[Start of Attachment]
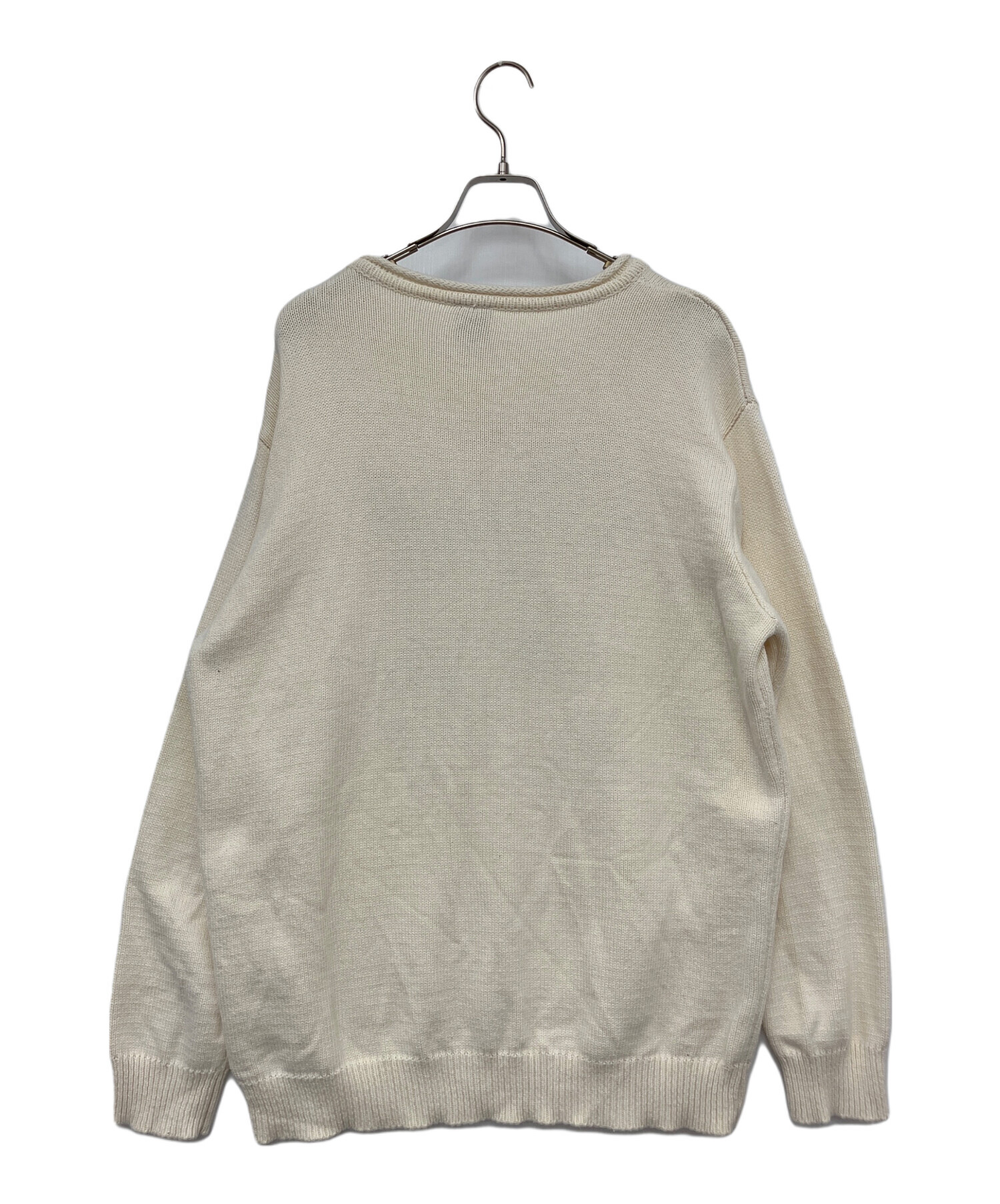 中古・古着通販】HUF (ハフ) 厚手ニット ベージュ サイズ:L｜ブランド 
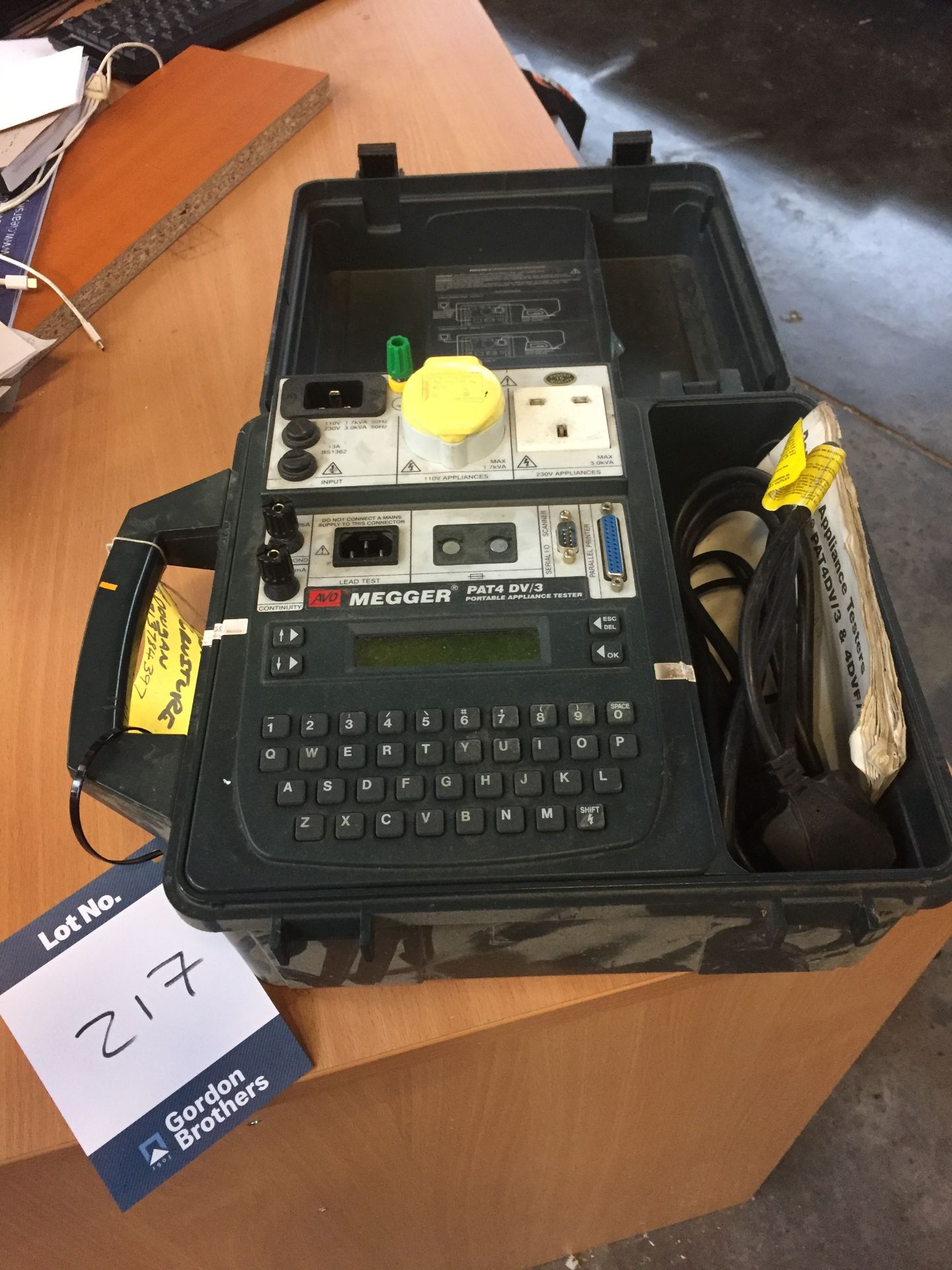 Avo Megger PAT4 DV/3 portable appliance tester and case ** This lot is located at The Dowlais
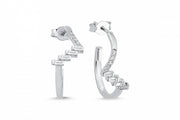 0.19 Karat Baguette Diamond Earrings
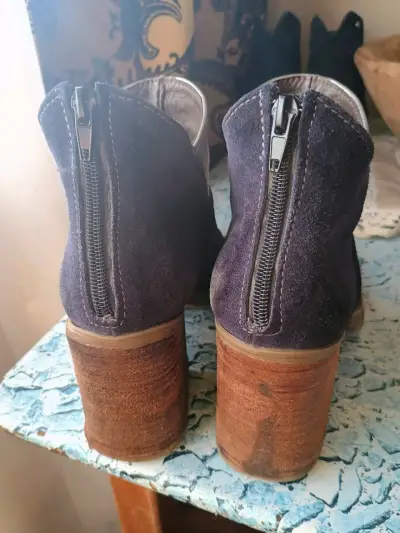 Botines de cuero y gamuza - miniatura 2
[End of Attachment]
** Task item **
Give the data again word for word, without images.

** Result of this task **
 中古・古着通販】HUF (ハフ) 厚手ニット ベージュ サイズ:L｜ブランド 
 Avo Megger PAT4 DV/3 portable appliance tester and case ** This lot is located at The Dowlais
 0.19 Karat Baguette Diamond Earrings
 Botines de cuero y gamuza - miniatura 2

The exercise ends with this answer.